In any case, I think the Canon 5D (more than two years old) is a similar performer at a much lower price, considering the weaker body and the lower ISO base value. This is a lesson for Canon: reportage cameras cannot be designed like studio cameras. The Nikon D3 is a very powerful and versatile reportage camera (social events, journalism, sports, travel...), very well designed for a particular kind of use.
The 5D is not in the same class of noise performance as the 1Dsmk3 or the D3, each of which has about double the photon collection of the 5D with the same exposure, and 1/2 stop less read noise across the board at all ISOs at the pixel level (and a lot more pixels on the 1Dsmk3 to make the "image" read noise even lower).
2. The anti-alias filter is a nightmare when you increase the sampling frequency (number of "pixels" for a given sensor size) beyond some point.

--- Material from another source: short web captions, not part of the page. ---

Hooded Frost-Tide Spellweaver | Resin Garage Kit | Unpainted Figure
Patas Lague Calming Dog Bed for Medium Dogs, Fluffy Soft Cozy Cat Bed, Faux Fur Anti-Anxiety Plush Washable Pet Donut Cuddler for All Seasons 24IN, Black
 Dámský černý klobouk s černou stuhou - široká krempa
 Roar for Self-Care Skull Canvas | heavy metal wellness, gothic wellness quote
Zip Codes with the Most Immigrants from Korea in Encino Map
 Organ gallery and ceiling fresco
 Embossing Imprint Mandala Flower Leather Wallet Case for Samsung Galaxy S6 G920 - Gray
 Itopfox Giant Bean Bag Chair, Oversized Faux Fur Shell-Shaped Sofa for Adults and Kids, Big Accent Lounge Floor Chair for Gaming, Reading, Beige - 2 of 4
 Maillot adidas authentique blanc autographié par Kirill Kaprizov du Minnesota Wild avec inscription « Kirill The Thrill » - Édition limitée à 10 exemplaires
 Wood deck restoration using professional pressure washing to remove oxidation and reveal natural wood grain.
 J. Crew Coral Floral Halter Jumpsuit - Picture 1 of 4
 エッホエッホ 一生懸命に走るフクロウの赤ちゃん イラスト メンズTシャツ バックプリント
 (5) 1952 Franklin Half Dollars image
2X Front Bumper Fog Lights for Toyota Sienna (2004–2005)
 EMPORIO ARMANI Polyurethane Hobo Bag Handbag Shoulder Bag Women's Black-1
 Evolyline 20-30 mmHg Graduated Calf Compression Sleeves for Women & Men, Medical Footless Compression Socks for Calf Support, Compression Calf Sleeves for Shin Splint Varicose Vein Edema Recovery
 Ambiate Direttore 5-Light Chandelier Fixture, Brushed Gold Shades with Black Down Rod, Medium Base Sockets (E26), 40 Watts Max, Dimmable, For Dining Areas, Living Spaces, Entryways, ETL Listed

Consider this: the 1Ds Mark III has 30% more pixels than the 1Ds Mark II. This is a 15% linear increase in sampling frequency. But I think the real gain in detail resolved is much lower, due to a couple of factors: a) this additional sampling frequency (sensor "resolution") is dedicated to resolve signal from the lens with lower contrast (finer details); b ) the anti-alias filter blurres this finer detail ! The result is much bigger files (in part this is due to the deeper bits tonal separation) and not so much additional detail resolved! From a cost-benefit analysis, does it make sense?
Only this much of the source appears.